Funny story about that house. It had oil heat, and we were spending all of our money on necessities like liquor and John Wayne equipment to get us through SF training. We went through the winter without buying a whole hell of a lot of heating oil. Just didn't need it. The house was stone and stayed above freezing all through the winter. We were off training a lot, living out in the woods in a poncho hootch, so just being indoors was pretty cushy. The house never fell below 35 degrees all winter, but never got above 50 either. Anyway, in late March after I had reported in with the 400th, we had a freak snow storm in the Fayetteville area. About nine inches of snow and the temperature dropped like a stone. The temperature in the house, for the first time, dipped below freezing. We had to put stuff in the refrigerator to keep it from freezing. What a hoot. We just bundled up a little bit more, poured some more Jim Beam-and-Mr.-Pibb, cranked up the TV and settled in to await the thaw.

I think that finally got to Lou. He was getting settled into the Demo School committee in the training group, had a routine, and was thinking that the good life beckoned. He had met Jackie, his future wife, and I guess he was thinking that it had to get better than this. He ended up married and sort of settled down within the year. He got out of the Army when his hitch was up and moved to Tennessee and got set up in the pawn shop business by his father-in-law. I eventually lost touch with him, but I did run into him years later in the Reserves. After I got out, I signed up with an SF company in Columbus, Georgia, and he signed up with one in his area. We ran into each other at annual training camp up in Vermont or New York or some damn place, but eventually we both drifted out of the Reserves and I comletely lost track of him.

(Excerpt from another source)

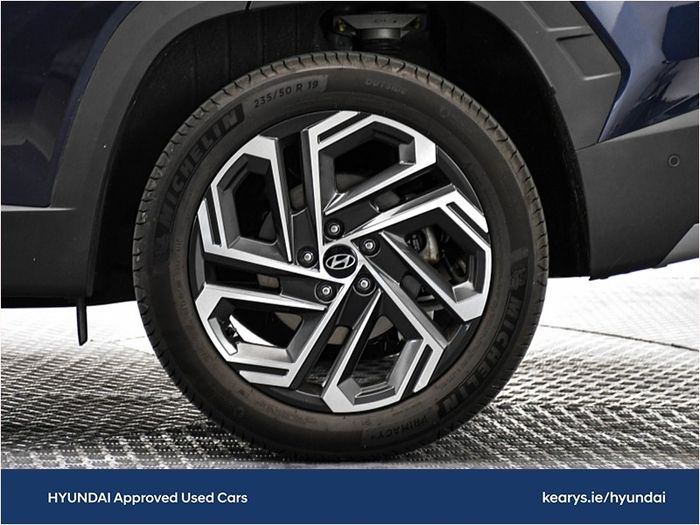 Hyundai Tucson 2024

Anyway, back to the 400th.

There were some characters in the 400th. A lot of those guys had been with the 400th or in SF for years and years -- mostly the 05Hs. There were three of us 98Cs, but we seemed to come and go with an alarming regularity.

I've split this up into pieces, mostly based on the surviving set of pictures that I have. I lost an entire scrapbook of photos when I left Fort Bragg, which was a crying shame, but I did keep some pretty good ones, mostly of the insanity. I had a good time and really enjoyed the people. It also spoiled me for the rest of the Army. How could you go back to being an office pogue after running around with these guys?


Augsburg TDY - 1980

One of the first fun trips I had was TDY to Augsburg in 1980. There were about 15 of us on the trip, including our first sergeant, company commander, and operations sergeant. It was a big party, start to finish. We were scheduled for six weeks, but the trip got cut short. Rumor had it that it was because of the Iranian desert fiasco, but rumor also had it that we were getting kicked out because we were such problem children. Either way, we left after a month or so. Oh, but what a month!

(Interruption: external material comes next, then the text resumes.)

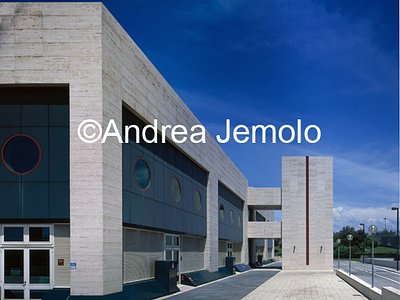 New Headquarter of the Bank of Italy  | Andrea Jemolo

Gary Weese and I were the two 98Cs. He was an SFC with about a dozen years in and was one of the funniest guys I ever knew. He had gone to college for a short time in the early 1960s and had studied fraternity partying. He didn't get a degree, but he certainly had it down to a science. We were all esconced in an open bay at the top of one of the barracks, which was fine by us, and someone (Weese or Dave Carden) decided that we needed to have a toga party. Because they operated those goofy shifts at FS Augsburg, they had an after hours bar in one of the barracks, so we bought a boatload of liquor, beer and wine and invited all the women to the party. It turned out pretty good, by the way, after it got cranked up.

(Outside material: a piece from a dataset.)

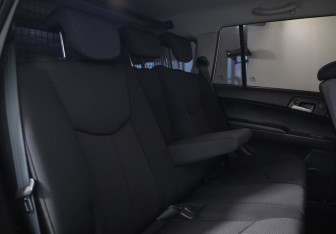 Подержанный автомобиль SsangYong Kyron 2014 года (12 фото)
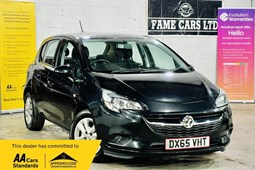 Vauxhall Corsa Hatchback (14-19) 1.3 CDTI ecoFLEX Design 5d For Sale - Fame Cars Limited, Birmingham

This is Steve Clark sitting on one of the bunks in our open bay. I suspect that he is hung over, as these are the pictures that I took just prior to the toga party.

This is some of the liquor that went into the Purple Jesus that made the toga party such a success.

This is Gary Weese getting the ball rolling. He mixed up a sample batch of PJ in a helmet up in the bay to get us motivated. It worked like a charm. Gary and Dave Carden were really the driving force behind this party -- this next picture is Gary and Dave setting up bar in their togas.

And of course, this is me in my toga. Damn, I looked good. Gary told me that the key to successful toga-ing was to forego underwear. Then, when you had the babes sitting with you, let your knees spread apart to give them a look at the goods. If they got up and left, good. If they glanced down and stayed, better. Have I said before what a fountain of wisdom Gary Weese was? Let me say it again.

This is Dan Schmedlij getting loose in the pre-party warm up. Schmedlij was a funny guy. At Fort Bragg, if you re-enlisted then they would send you off to school anywhere you wanted for up to one semester. Schmedlij went to farrier school -- shoeing horses.

The guy on the right of this pile is Barry Garland. We were pretty good buddies during my Bragg time, but he was always getting into trouble. I got away with murder -- always have. Barry got away with nothing, but a lot of that was as a result of not knowing when to cut and run. Anyway, I don't remember who else is in this pile, except that I think that the guy behind Barry is our company commander.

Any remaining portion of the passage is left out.